On CNN’s “State of the Union,” Sen. Robert Menendez, D-New Jersey, accused House Republicans of playing politics and “itching for a fight with Democrats in the White House” while they undermined tax relief provided in the Senate measure.
In response, Republican Sen. Roy Blunt of Missouri, who spent 14 years as a House member before winning a Senate seat in 2010, said he was unable to explain a disconnect between the Republican leadership in the House and Senate on the Senate plan.
While Senate Republican leaders voted for the two-month payroll tax cut extension, House Speaker John Boehner rejected the plan Sunday.
Noting he would assume a Senate leadership role in January, Blunt told CNN Political Correspondent Joe Johns that he heard from former House colleagues who “don’t want to do this” because they like their own bipartisan version of a one-year payroll tax cut extension.

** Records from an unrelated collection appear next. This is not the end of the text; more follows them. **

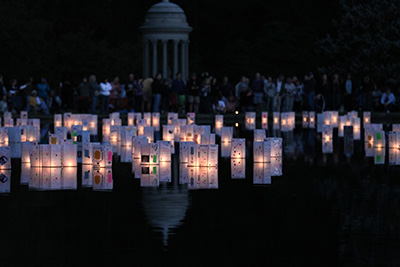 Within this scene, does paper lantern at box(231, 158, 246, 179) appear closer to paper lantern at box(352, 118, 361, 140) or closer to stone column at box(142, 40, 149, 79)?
paper lantern at box(352, 118, 361, 140)

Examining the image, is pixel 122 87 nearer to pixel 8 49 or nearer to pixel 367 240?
pixel 8 49

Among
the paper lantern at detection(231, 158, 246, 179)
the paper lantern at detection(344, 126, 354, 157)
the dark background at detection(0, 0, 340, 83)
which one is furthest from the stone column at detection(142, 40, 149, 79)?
the paper lantern at detection(231, 158, 246, 179)

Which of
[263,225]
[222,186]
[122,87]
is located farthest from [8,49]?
[263,225]

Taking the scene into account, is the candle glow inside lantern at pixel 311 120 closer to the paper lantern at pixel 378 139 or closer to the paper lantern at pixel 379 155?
the paper lantern at pixel 378 139

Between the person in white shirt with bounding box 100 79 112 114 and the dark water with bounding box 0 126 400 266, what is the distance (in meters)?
23.4

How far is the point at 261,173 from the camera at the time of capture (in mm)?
20078

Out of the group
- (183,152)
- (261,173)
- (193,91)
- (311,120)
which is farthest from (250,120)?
(261,173)

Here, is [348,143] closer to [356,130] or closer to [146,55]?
[356,130]

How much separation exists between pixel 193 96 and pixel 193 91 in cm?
36

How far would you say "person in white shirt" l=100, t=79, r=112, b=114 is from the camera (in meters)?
43.3

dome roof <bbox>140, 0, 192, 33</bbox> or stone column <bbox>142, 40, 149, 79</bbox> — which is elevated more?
dome roof <bbox>140, 0, 192, 33</bbox>

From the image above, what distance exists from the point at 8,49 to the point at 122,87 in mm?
15090

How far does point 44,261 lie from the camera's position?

“I don’t know what Republicans in the House are saying they’re itching for a fight,” Blunt said in response to the accusation by Menendez. “I think what they’re saying they wanted was the one-year tax extension they paid for.”
For Menendez, the House version would pay for the tax cut extension by “taking money from the middle class to give it to the middle class.”
“In the House version, they take money from middle class families in Medicare, they take money from middle class families in health care, they take money from middle class civil servants,” he said in reference to provisions in the measure.
Menendez added that he’d “love to see a year” of tax cut extensions, but insisted Republicans had to “stop fighting for millionaires and billionaires” so that both the House and Senate could come to an agreement.
Blunt accused Menendez of simply wanting to increase taxes as part of any package, but acknowledged that the House bill was “not as bipartisan as the Senate vote.”
Political gridlock has been largely unpopular and congressional approval ratings have plummeted in response to bipartisan bickering, with only 11% of respondents saying they approve of Congress in a recent CBS News poll.
Menendez blamed the poor ratings on Republicans taking “a greater pound of flesh” from the middle class. For Blunt, both chambers are “almost totally dysfunctional” because “the president’s obligation to lead has not been met.”
Blunt also noted that “the Congress, as an institution, will not be on the ballot next year - the president of the United States will be.”